▶ **Task description**
The required output is the exact run of lines from the one bearing "Size: 1113x1272 |" through the final line of the listing below, with the pictures removed.
== Data segment ==
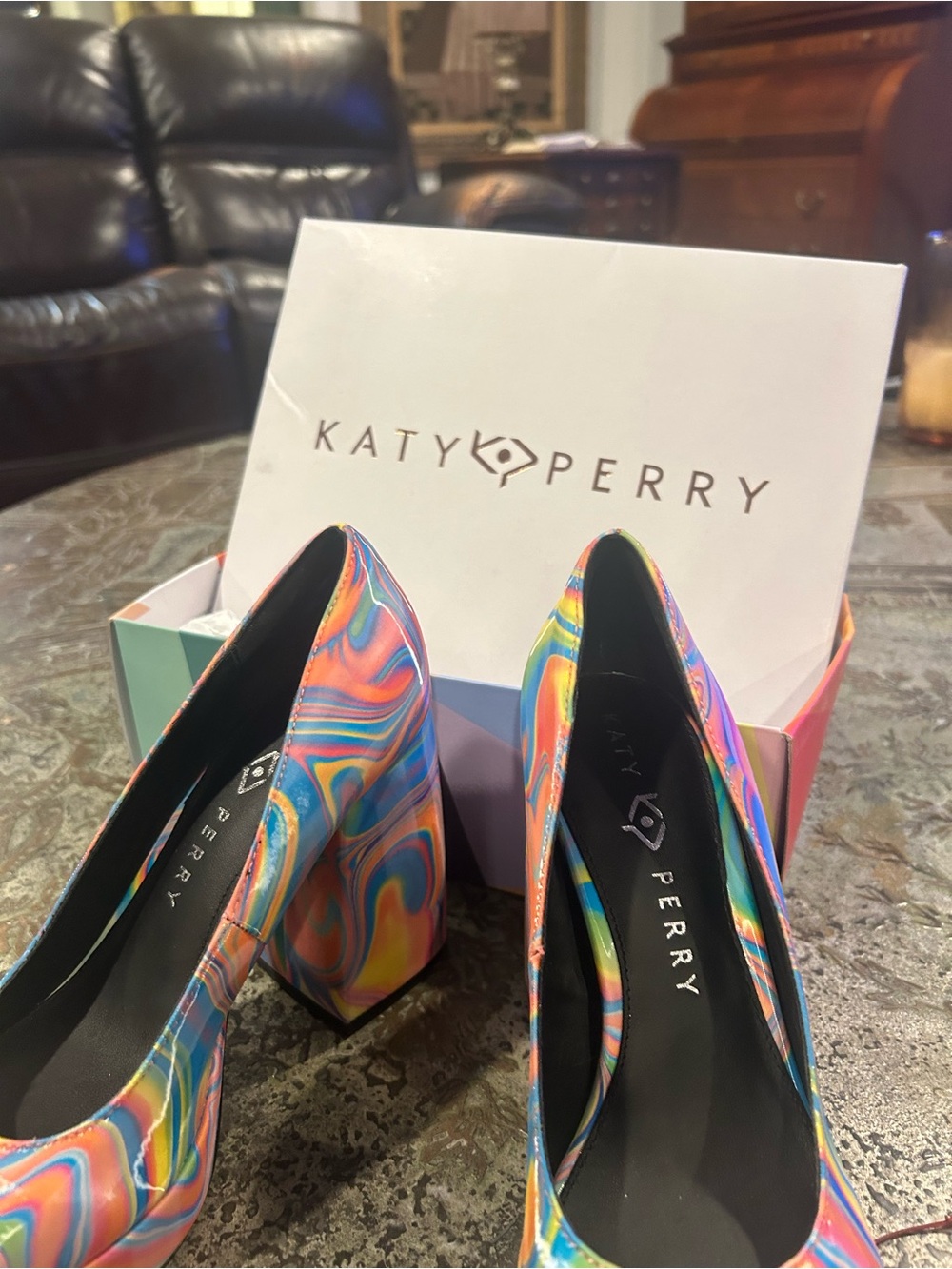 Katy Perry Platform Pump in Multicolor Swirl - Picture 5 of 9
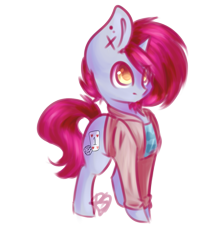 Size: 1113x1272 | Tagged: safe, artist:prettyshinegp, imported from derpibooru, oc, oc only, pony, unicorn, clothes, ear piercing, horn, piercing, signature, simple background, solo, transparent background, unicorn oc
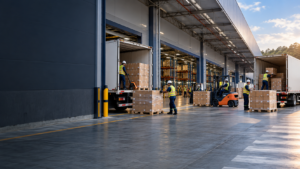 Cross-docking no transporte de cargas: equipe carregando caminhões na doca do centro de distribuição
===
▶ **Answer section**
 Size: 1113x1272 | Tagged: safe, artist:prettyshinegp, imported from derpibooru, oc, oc only, pony, unicorn, clothes, ear piercing, horn, piercing, signature, simple background, solo, transparent background, unicorn oc
 Cross-docking no transporte de cargas: equipe carregando caminhões na doca do centro de distribuição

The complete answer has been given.